What you return should match the data below exactly, with no pictures in it.
#### MATERIAL PROVIDED
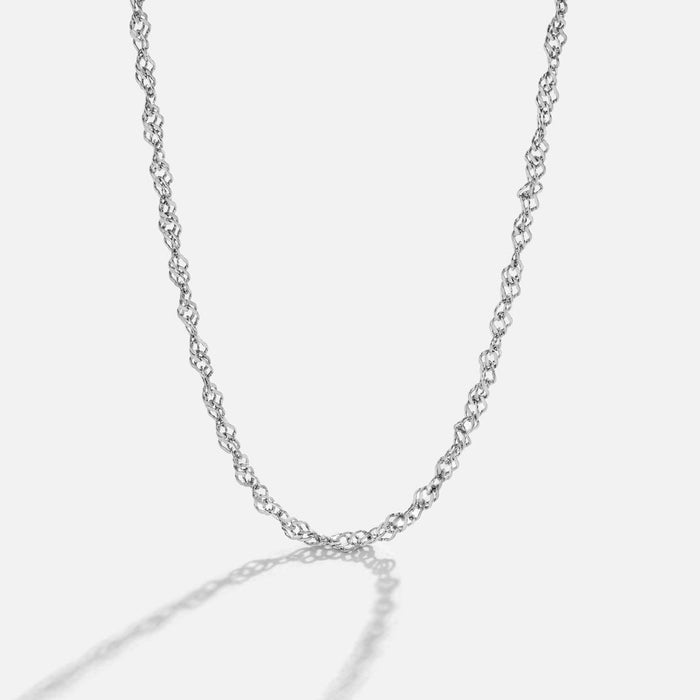 Collier doré avec délicat pendentif en forme de cœur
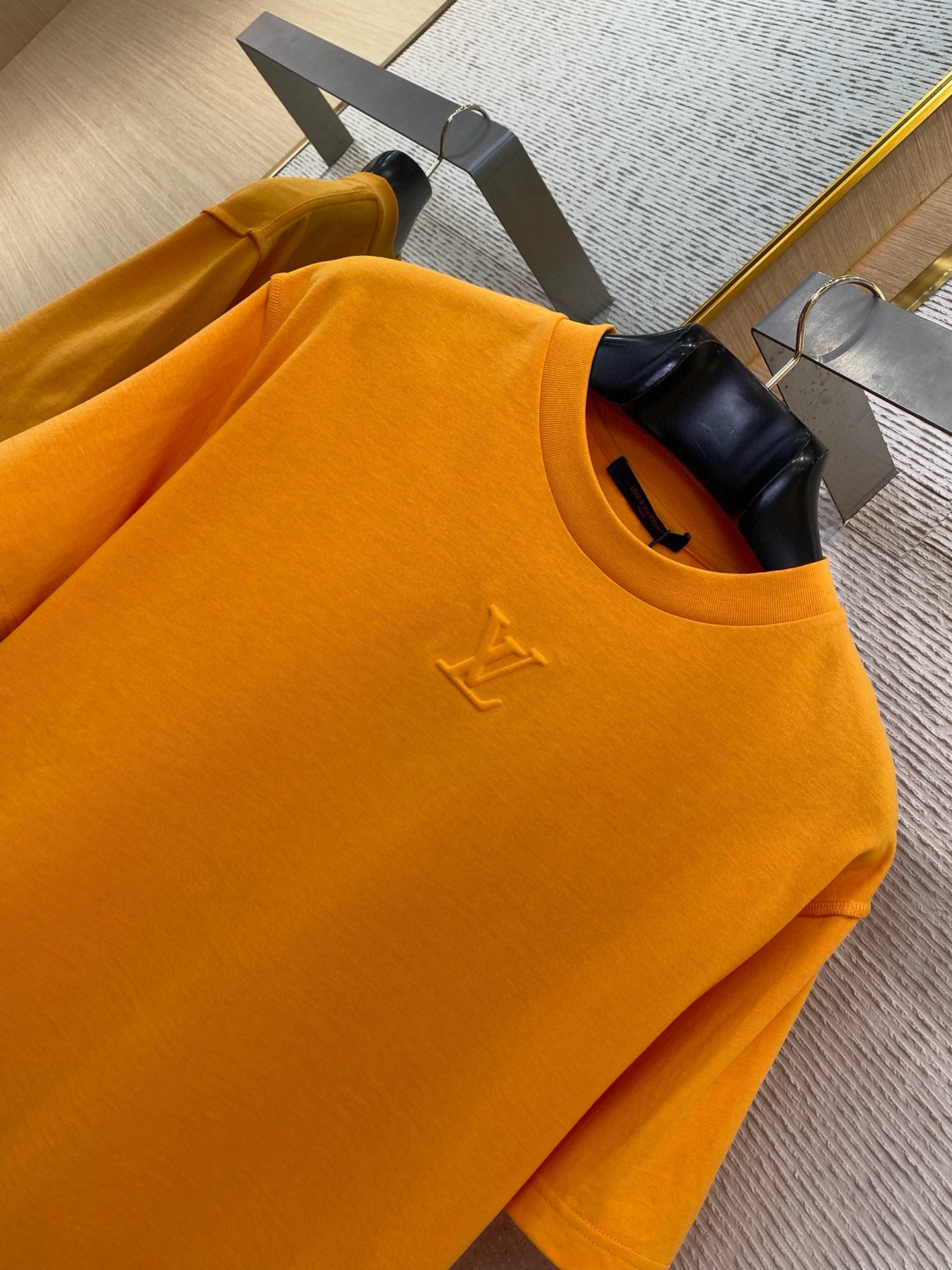 LOU T-SHIRT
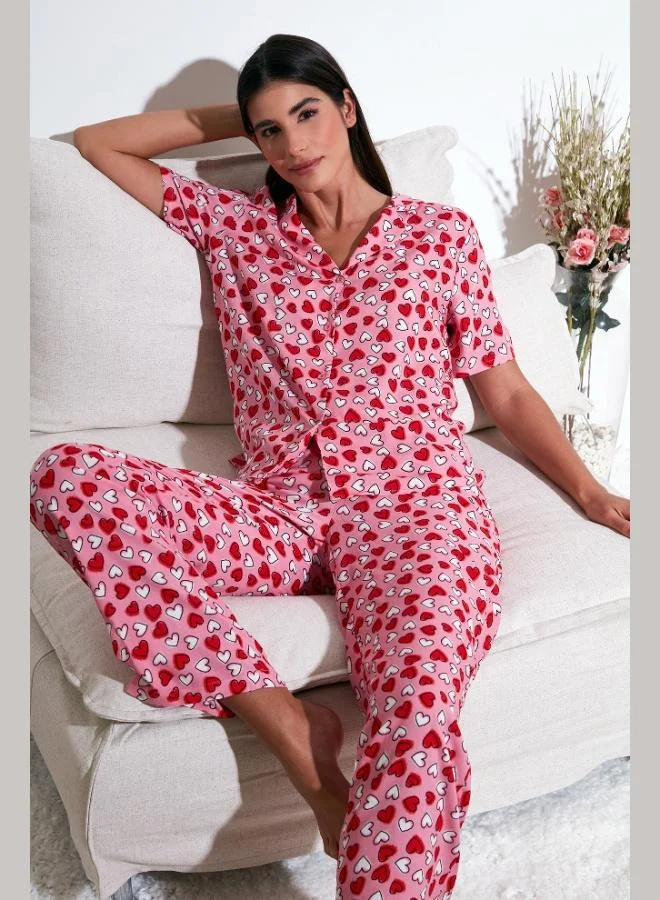 ليلا طقم بيجامة نسائي بأكمام قصيرة وياقة أحادية وساق واسعة من ليلا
########
» **TASK SOLUTION**:
 Collier doré avec délicat pendentif en forme de cœur
 LOU T-SHIRT
 ليلا طقم بيجامة نسائي بأكمام قصيرة وياقة أحادية وساق واسعة من ليلا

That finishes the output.